Real Estate Firm Sculptor Starts New Senior Living Strategy with 16-Property Ventas Deal

In January, Sculptor Real Estate added 16 senior living properties to its portfolio — and if the company’s overall plans come to fruition, there will be more growth to follow.

The portfolio includes six properties in New York, Connecticut and Maryland and nine in Florida, Kentucky and Alabama. The company tapped operator Peregrine Senior Living to manage the Northeast communities and Vitality Living to manage the communities in the Southeast.

Although this is not Sculptor’s entrance into the senior living industry, the recent acquisition does represent a new strategy at play for the global alternative asset manager. Sculptor ​​first began investing in senior housing properties in 2011, but by 2018, the company pulled back from the sector with regard to new investments as construction and operating costs rose.


Three years later, Sculptor began eyeing portfolios of middle-market Class B properties for acquisitions, and looking ahead, that will make up the core of its strategy in the senior housing space, according to Nicole Sermier, head of residential investments at Sculptor Real Estate.

“We’ve decided to re-engage,” Sermier told Senior Housing News.

Since its founding in 2003, the firm has invested in more than $17.6 billion of real estate assets in 26 different real estate-related asset classes, including direct equity investments, preferred equity structures, senior loans, mezzanine loans and ground leases.


In addition to its 16 newly added properties, Sculptor also has six other senior living communities in the Boston, New York and San Francisco metropolitan areas.

Sculpting a portfolio

Sculptor’s first entrance into senior housing came a little over a decade ago, originally with operating partner Benchmark. The company’s strategy revolved around investing in and developing Class A properties in high-barrier-to-entry markets, such as continuing care retirement communities (CCRC), along with independent living, assisted living and memory care communities.

The company initially took a focus on investments and developments in the Northeast and the West Coast, where occupancy rates were strong and conditions were tough for other developers to assemble and entitle new sites.

“We chose to develop because we looked at the spread between the return on cost and the cap rate, and we thought it was particularly wide and attractive, especially vis-a-vis multifamily development spreads during that period,” Sermier said. “We focused on the high-barrier-to entry market, because … we were concerned about high levels of supply coming online in lower barrier-to-entry markets.”

But by 2018, the fundamentals for development shifted as construction costs continued to rise, narrowing the development spreads Sculptor was seeing. The company also was concerned with the rising cost of operations, particularly as it related to payroll costs.

For the three years that followed, Sculptor pulled back from making large investments in the sector as occupancy and net operating income (NOI) “decreased substantially.”

“It was a triple challenge of elevated new deliveries, high wage inflation persisting, and obviously, also the Covid-led demand shock,” Sermier said.

Then, in 2021, Sculptor leaders noticed a “reset” in occupancy and NOI amid the pandemic, indicating that it was time to jump back in.

At the same time, Ventas had engaged JLL’s (NYSE: JLL) capital markets investment sales and advisory team to sell a set of communities. JLL’s team approached Sculptor and the deal went from there.

“What attracted lenders to the financing was the quality of the sponsorship, the equity going in, the cross-collateralization and scale of the deal,” Joel Mendes, managing director and co-head of JLL Capital Markets’ seniors housing debt platform. “We went asset by asset, and Sculptor and their partners did a great job articulating the opportunity with each one.”

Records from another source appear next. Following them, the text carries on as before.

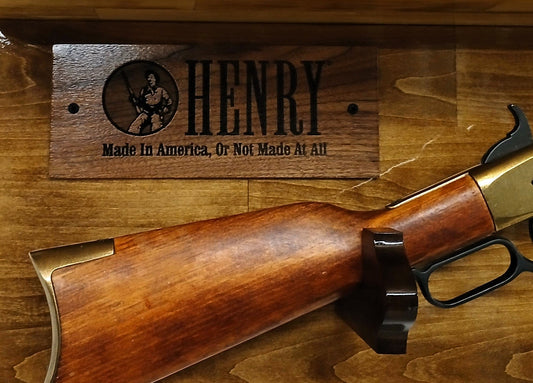 Walker Wood Gifts Gun Display Traditional Henry Lever Action Rifle Display W/Shelf Wall Display Western Cowboy Collectors Gift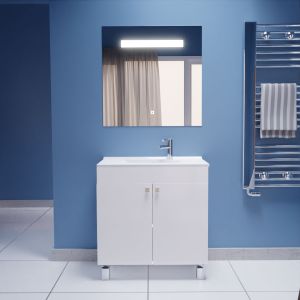 Meuble ECOLINE 80 cm avec plan vasque et miroir Elégance ht80- Blanc brillant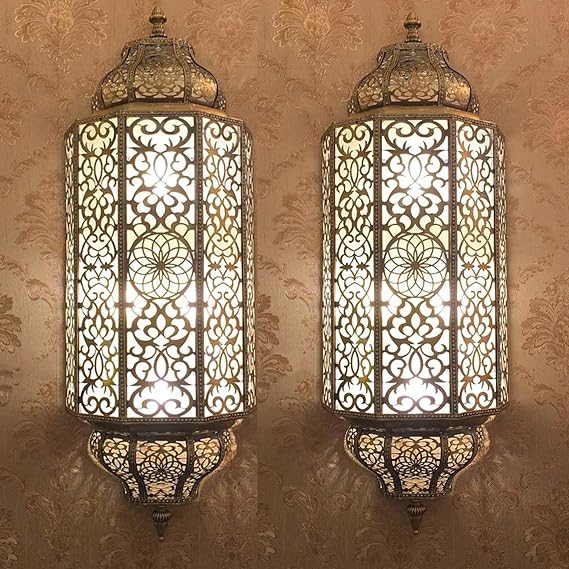 BOTOWI Handmade Moroccan Wall Lamp LED Sconce, Turkish Wall Sconce Vintage Hand Carved Craft Metal Lampshade 24" Height, Frosted Glass Wall Porch Light Wall Lamp for Bedroom Bedside Bar,2PCS,25in [Energy Class A]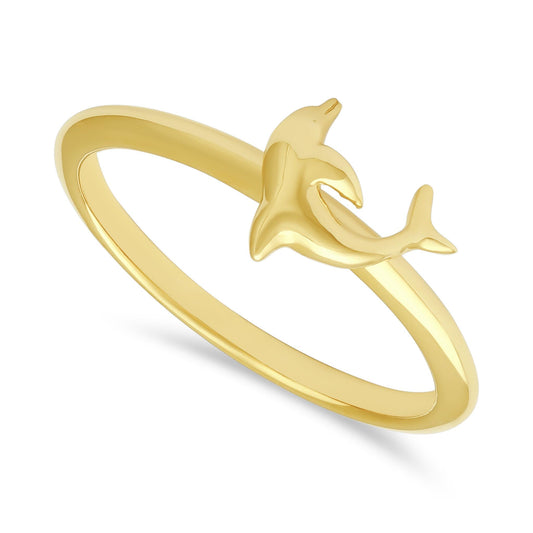 14ct Yellow Gold Dolphin Design Ring - FJewellery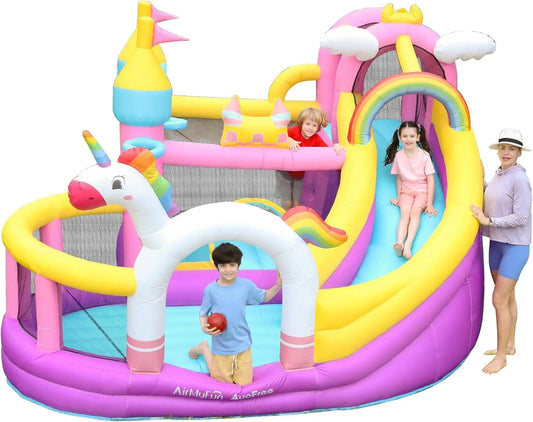 Inflatable Bounce House 5 in 1 Unicorn Wide Slide Jumping Castle for Kids Backyard Ball Pit Climbing Wall Basketball Hoop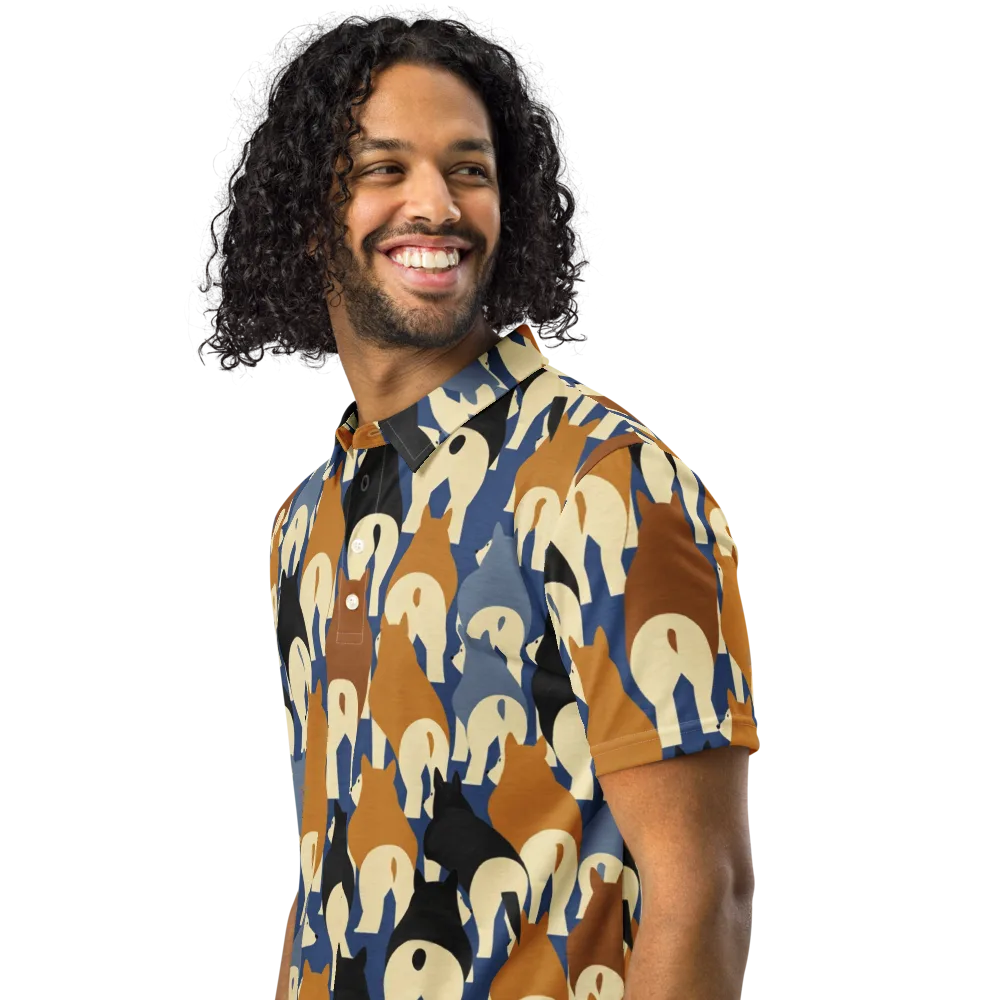 Cobalt Canine on Men's Slim Fit Polo Shirt — Left Front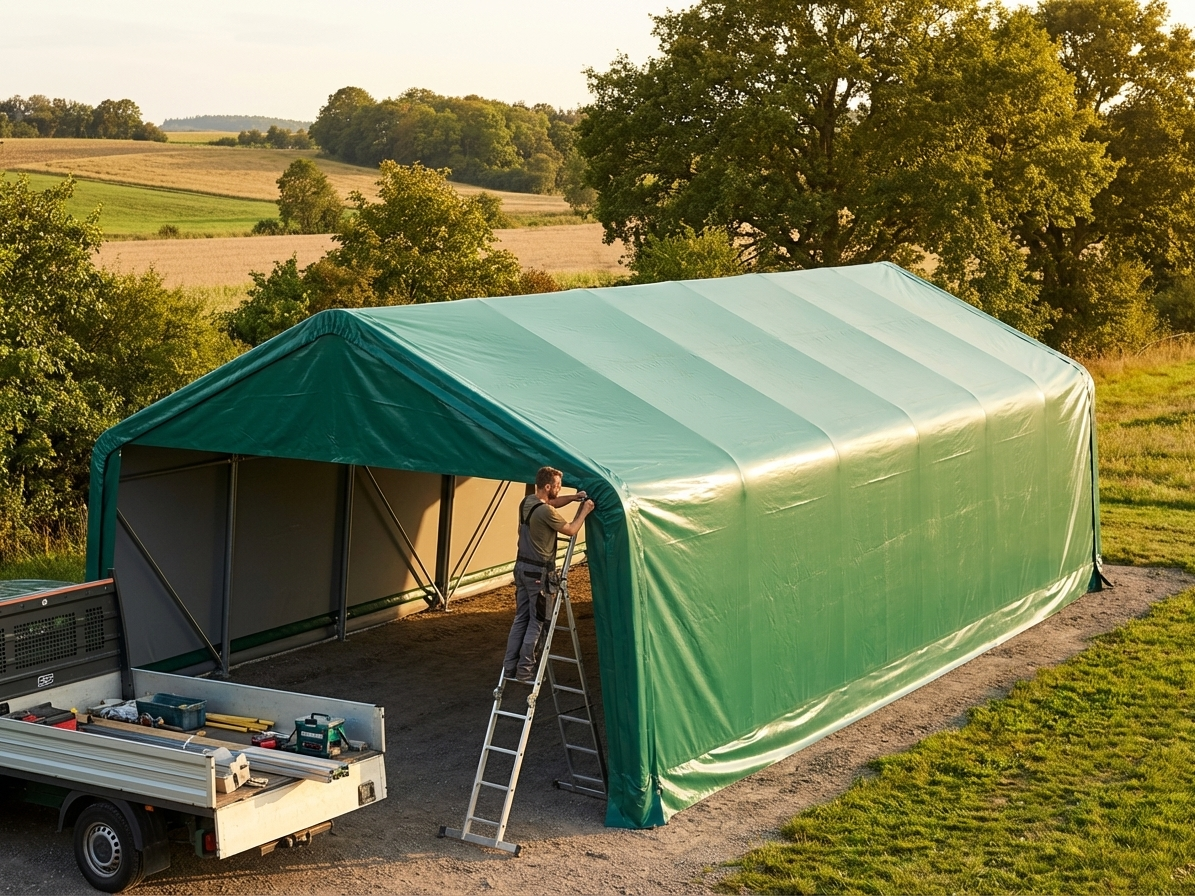 Green PVC roof cover for storage shelter, 5x10 meters - view 3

In February, JLL closed on $145 million in acquisition and capital improvement financing for Sculptor’s purchase of the two senior living portfolios with Vitality and Peregrine. Although the properties were well-maintained when Sculptor bought them, the company does plan to invest in cosmetic upgrades for the majority of the 16 properties.

With a newly expanded foothold in the U.S. senior living industry, Sculptor is focusing on acquisitions of Class B properties. The company is particularly interested in communities with 90 or more units — as those have economies of scale — and communities that can meet growing middle-market demand.

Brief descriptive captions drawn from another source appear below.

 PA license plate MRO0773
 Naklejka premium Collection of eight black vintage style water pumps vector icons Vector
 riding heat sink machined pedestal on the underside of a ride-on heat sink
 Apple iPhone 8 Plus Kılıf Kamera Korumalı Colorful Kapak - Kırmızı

Like other senior living operators, Sculptor’s leaders see more opportunities to buy middle-market or more affordable properties than they do building them from the ground-up.

“We feel there are opportunities for us to buy [at] well-below historical pricing levels,” Sermier said. “There is really no way to build a new product today and meet the middle market, given where construction costs are.”

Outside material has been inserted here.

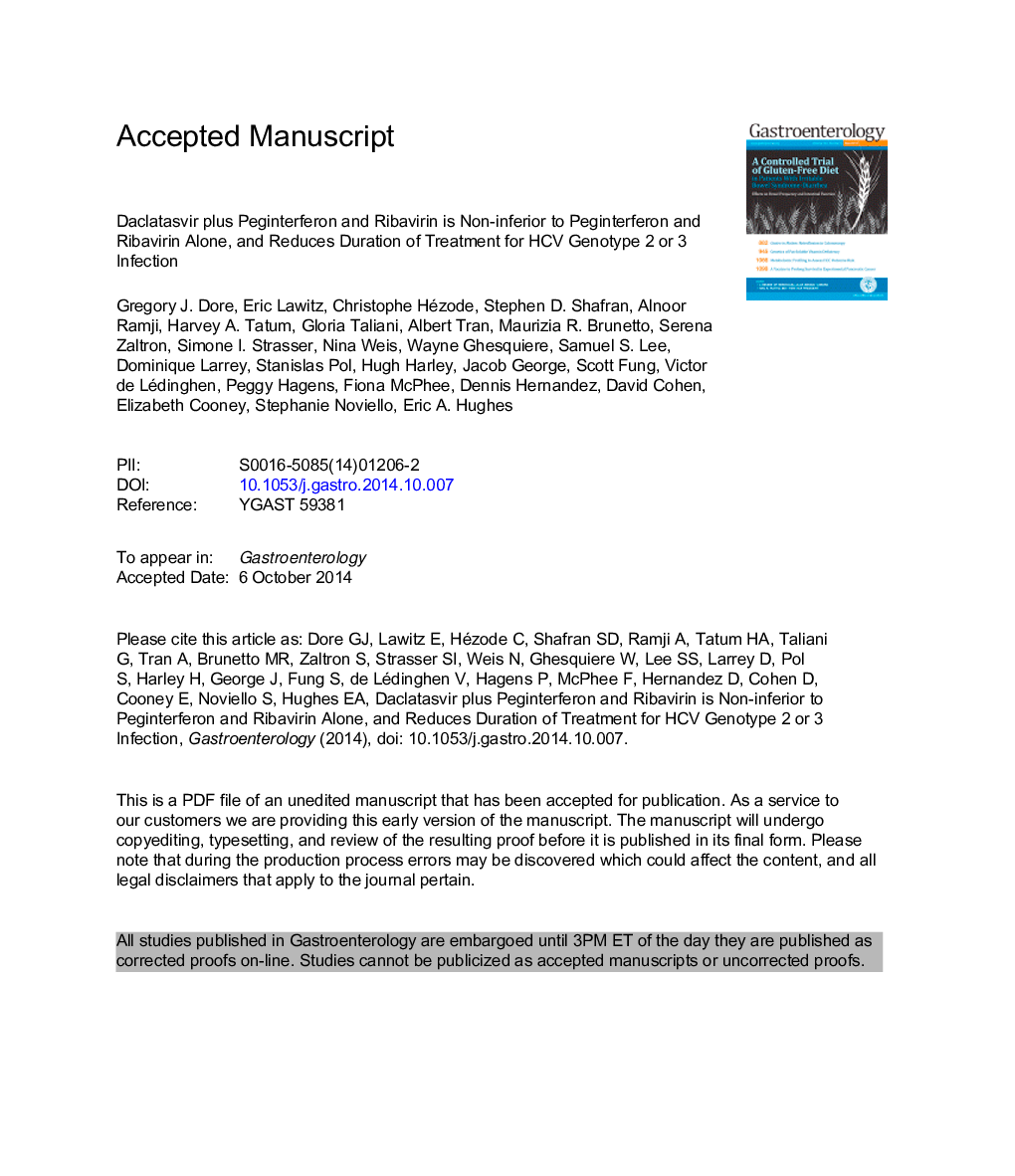 Daclatasvir Plus Peginterferon and Ribavirin Is Noninferior to Peginterferon and Ribavirin Alone, and Reduces the Duration of Treatment for HCV Genotype 2 or 3 Infection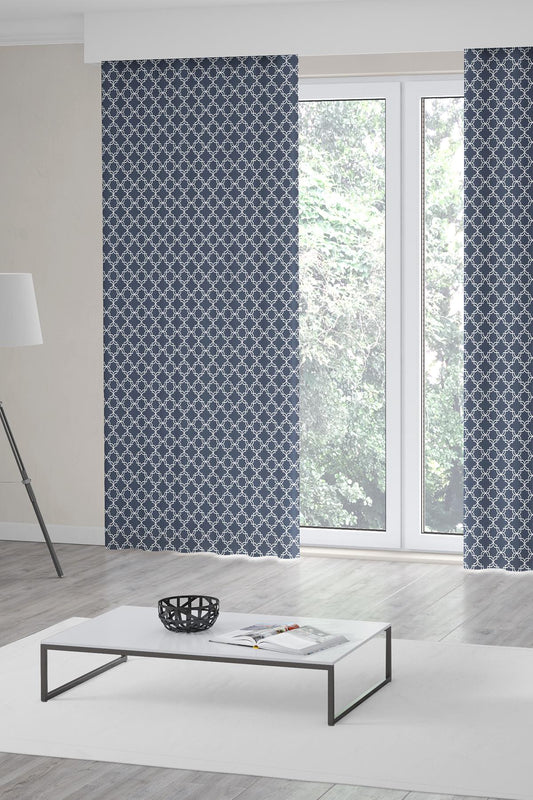 Premier Home Geometrik Fon Perde Lacivert 170X270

Current demographic dynamics related to the incoming wave of baby boomers “should make senior housing a very compelling and an interesting strategy for us to continue to invest in for the foreseeable future,” she added.

Looking ahead, Sculptor will continue to evaluate different opportunities in the senior living industry, and the company is eager to create new operator relationships and expand on the ones it has.

“We’ve very often partnered with regional operators,” Sermier said. “Historically, we’ve seen that inferior properties from the physical plant perspective with a great operator can outcompete a newer, more attractive property.”